Sunday, August 19, 2007

All Politics All the Time

I started to write about Archbishop Akinola's latest "reflections" but decided to leave that for another day. Instead, between the Iowa Debates, the ongoing mess in Iraq and Karl Rove's resignation there's plenty to chew on on the political front so I'm declaring today's blog:


  • The War As We See It
  • The Iowa Debates
  • Why Hillary Clinton Is Electable


The War As We See It

First up is The War As We See It -- sobering commentary about the realities of the war in Iraq by those who actually know what they're talking about: the troops on the ground. Bravo for these brave soldiers who are so articulately able to speak truth to the powers that keep them in harm's way for political rather than military reasons. From their New York Times op-ed:

... In the end, we need to recognize that our presence may have released Iraqis from the grip of a tyrant, but that it has also robbed them of their self-respect. They will soon realize that the best way to regain dignity is to call us what we are — an army of occupation — and force our withdrawal.

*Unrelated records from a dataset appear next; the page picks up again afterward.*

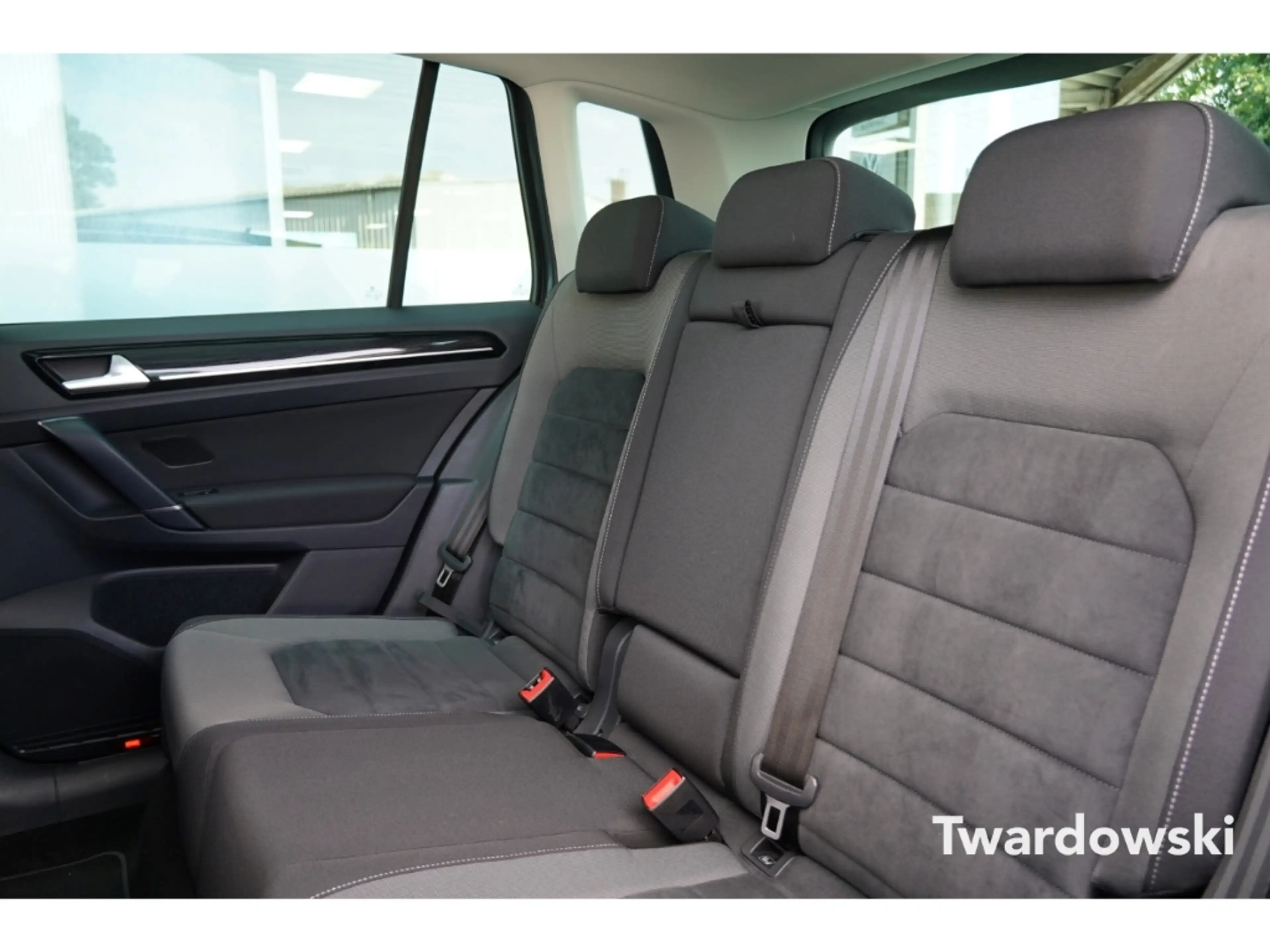 Volkswagen Golf Sportsvan Highline PANO Kamera ACC LED KeyLess — photo 13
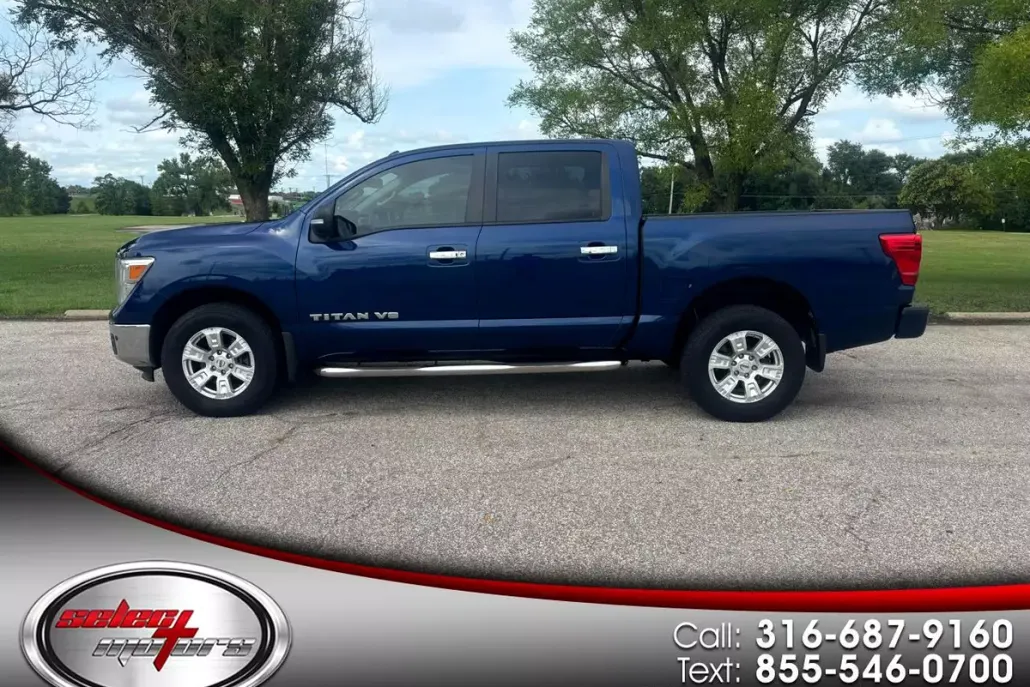 2018 Nissan Titan Crew Cab SV photo 1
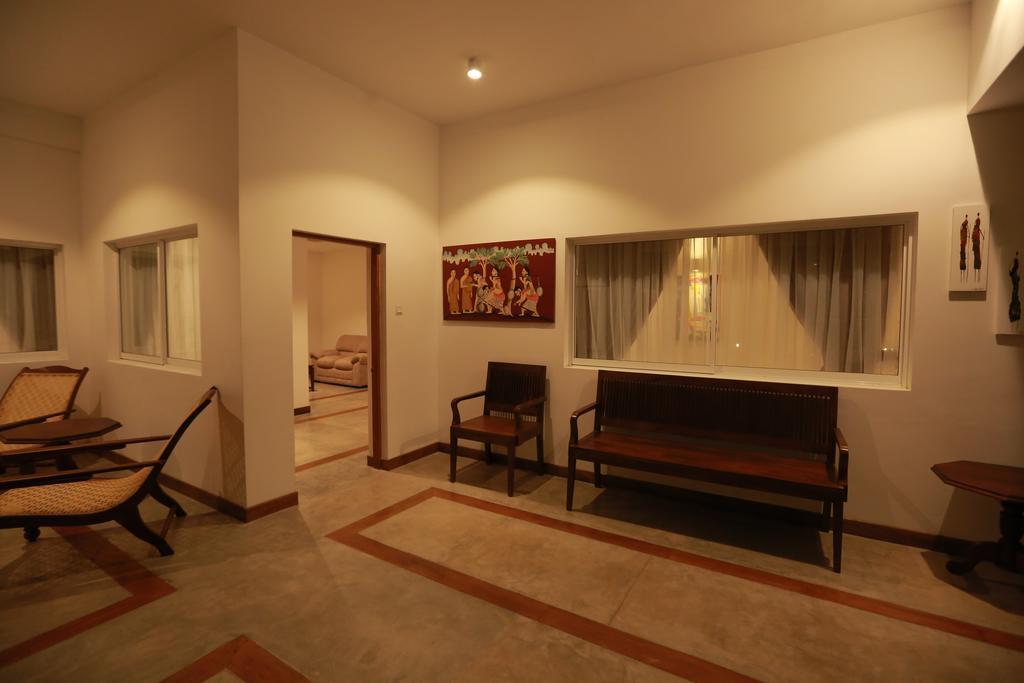 Refresh Hotel ฮิกคาดูวา ภายนอก รูปภาพ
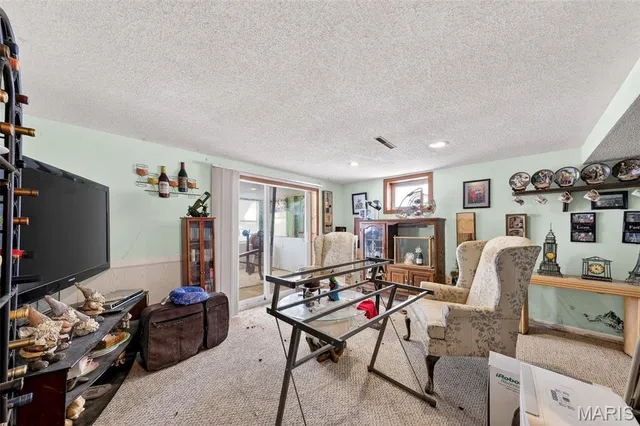 $115,000 | 212 Boyd Drive, Louisiana, MO 63353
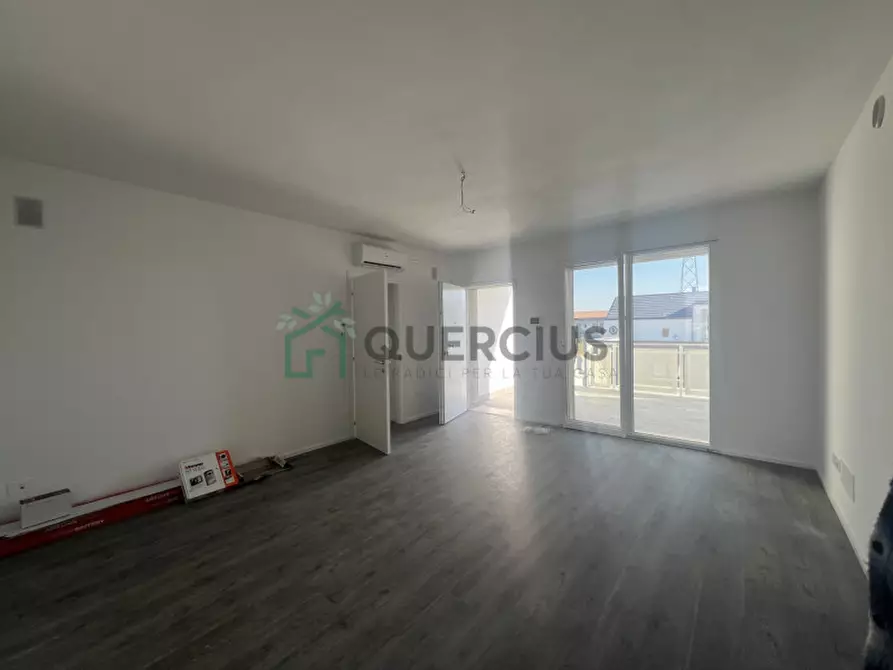 Immagine 8 di Appartamento in vendita  in Via Alberto Gianquinto a Jesolo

Until that happens, it would be prudent for us to increasingly let Iraqis take center stage in all matters, to come up with a nuanced policy in which we assist them from the margins but let them resolve their differences as they see fit. This suggestion is not meant to be defeatist, but rather to highlight our pursuit of incompatible policies to absurd ends without recognizing the incongruities.
We need not talk about our morale. As committed soldiers, we will see this mission through.

God bless 'em!

The Iowa Debate

We watched the debate this morning. I was glad to see Bill Richardson recovered from the bout with foot-in-mouth that plagued him when they were here in L.A. ten days ago. Mostly I was encouraged that in spite of the efforts of the moderator to "get them going" at each other there was a united effort to stick to the issues and make their points -- sometimes agreeing with opponents and sometimes disagreeing. (What a concept, eh?)
One of my favorite moments was John Edwards naming the fact that every single one of the Democratic candidates would work to bring an end to the war in Iraq if elected. The question on the table isn't "if" the question is "how." And that ALONE is a source for encouragement and optimism. Another good bit was when Clinton addressed her "negatives" in the polls.
“I have been fighting against these people for longer than anybody else up here. I’ve taken them on and we’ve beaten them,” she said. “The idea that you’re going to escape the Republican attack machine and not have high negatives by the time they’re through with you, I think, is just missing what’s been going on in American politics for the last 20 years.”
Well done and Amen!
Which brings me to ...


Why Hillary Clinton IS Electable

I figured it out yesterday while we were watching a CNN report on Hurricane Dean looming off the Jamaican Coast. The reporter was talking wind gusts and the video showed a massive storm graphic but the "crawl" ... the "other news" that runs along the bottom of the screen ... kept repeating "Karl Rove says Hillary Clinton is unelectable."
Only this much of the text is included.